SUPPLIED RECORDS Start Marker
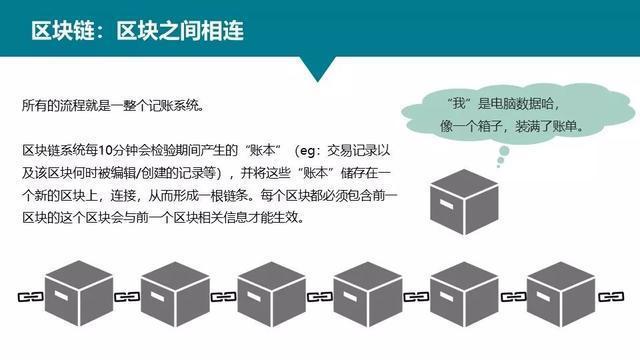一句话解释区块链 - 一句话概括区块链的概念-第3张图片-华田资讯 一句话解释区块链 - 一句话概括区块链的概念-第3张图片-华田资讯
SUPPLIED RECORDS End Marker
SUPPLIED RECORDS Start Marker
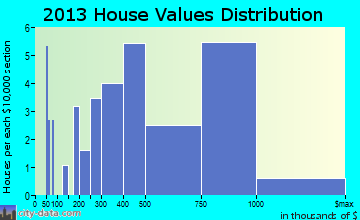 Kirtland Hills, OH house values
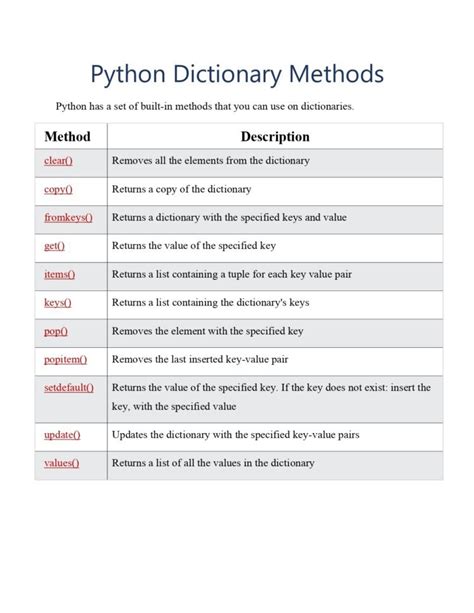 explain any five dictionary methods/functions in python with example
SUPPLIED RECORDS End Marker
=== BRIEF ===
Work from the entries above. Set down exactly and only the lines from the line with "Kirtland Hills, OH house values" to the line with "explain any five", both included, and leave the pictures out.

=== EXERCISE RESPONSE ===
 Kirtland Hills, OH house values
 explain any five dictionary methods/functions in python with example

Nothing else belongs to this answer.